**WHAT TO PRODUCE**
Your output should be the complete listing, word for word, with no pictures in it.

**RECORDED INFORMATION**
━━━━━━━━

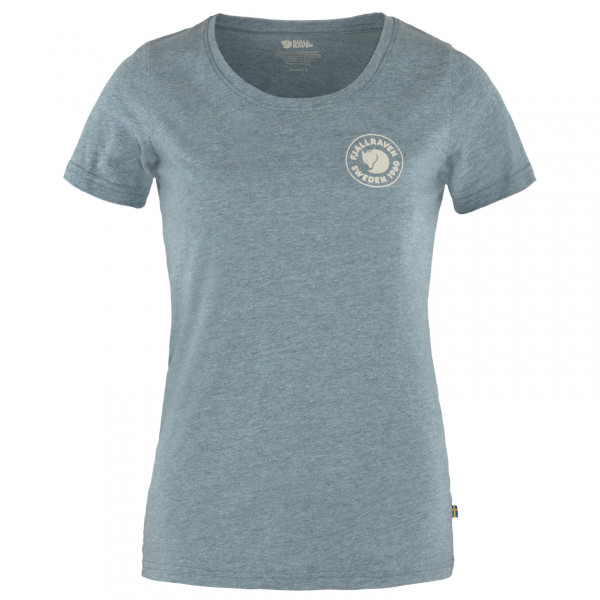 Fjällräven - Women's 1960 Logo - T-Shirt Gr XXS grau/türkis von Fjällräven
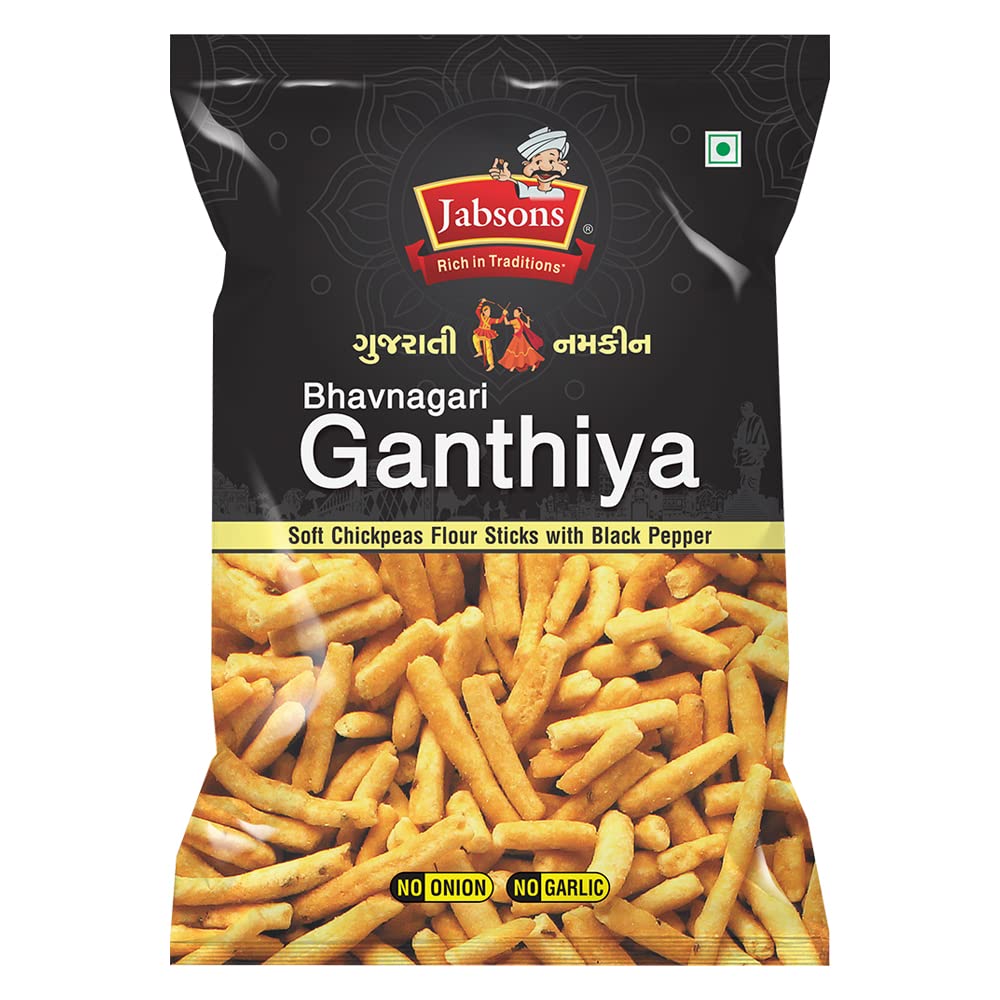 Jabsons Gujarati Namkeen Bhavnagari Ganthiya -120g| Rispy Namkeen | Ready to Eat | Chai Time Snacks (B09X5P8VXH) Amazon Price History, Amazon Price Tracker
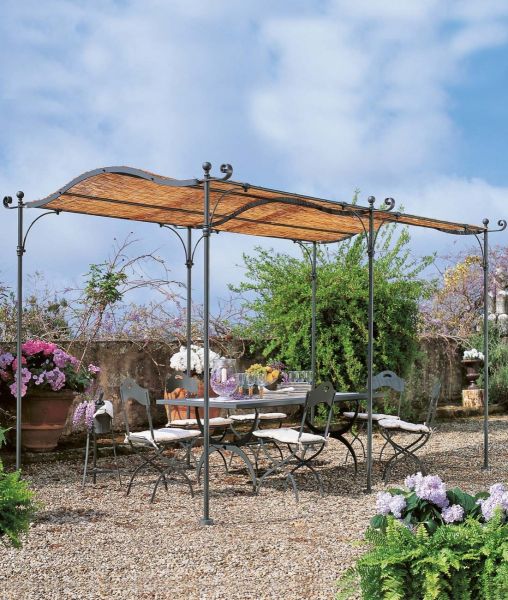 Kit de nattes pour pergola Solaire autoportante courbée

━━━━━━━━

**EXERCISE OUTPUT**
 Fjällräven - Women's 1960 Logo - T-Shirt Gr XXS grau/türkis von Fjällräven
 Jabsons Gujarati Namkeen Bhavnagari Ganthiya -120g| Rispy Namkeen | Ready to Eat | Chai Time Snacks (B09X5P8VXH) Amazon Price History, Amazon Price Tracker
 Kit de nattes pour pergola Solaire autoportante courbée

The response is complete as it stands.